The 65 refugees had moved a writ petition before the Madurai Bench of the Court. The writ petitioners’ Tamil-origin ancestors had been taken to Sri Lanka as indentured labourers during the colonial rule. Eventually, their descendants, including the petitioners, were said to have suffered immense discrimination in Sri Lanka, particularly after the country obtained its independence in 1948. They were eventually prompted to flee Sri Lanka and return to India between 1983 and 1985, around a time when the country was witnessing genocidal and brutal ethnic strife.
Following their escape from Sri Lanka, the petitioners were lodged in Refugee camps in Tamil Nadu, predominantly in Trichy apart from camps in Madurai, Perambalur, Karur, Mandapam etc.

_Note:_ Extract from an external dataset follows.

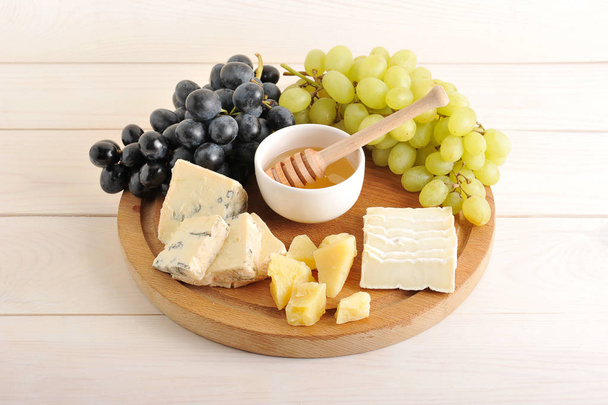 cheese plate - various types of cheese, grapes green and black,  - 写真・画像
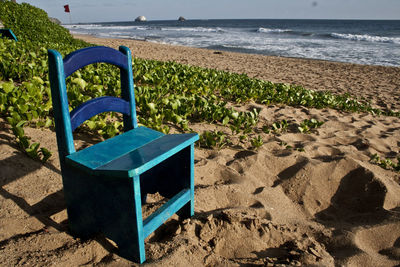 Deck chairs on beach against sea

After their entry into India, they also moved the Madras High Court to guard against possible deportation back to Sri Lanka. In response, the Government also gave an undertaking before the High Court that these refugees would not be forcibly sent back to Sri Lanka.
The petitioners eventually sought Indian citizenship. However, when the Government failed to respond to their plea, they were constrained to move the High Court again to intervene in the matter.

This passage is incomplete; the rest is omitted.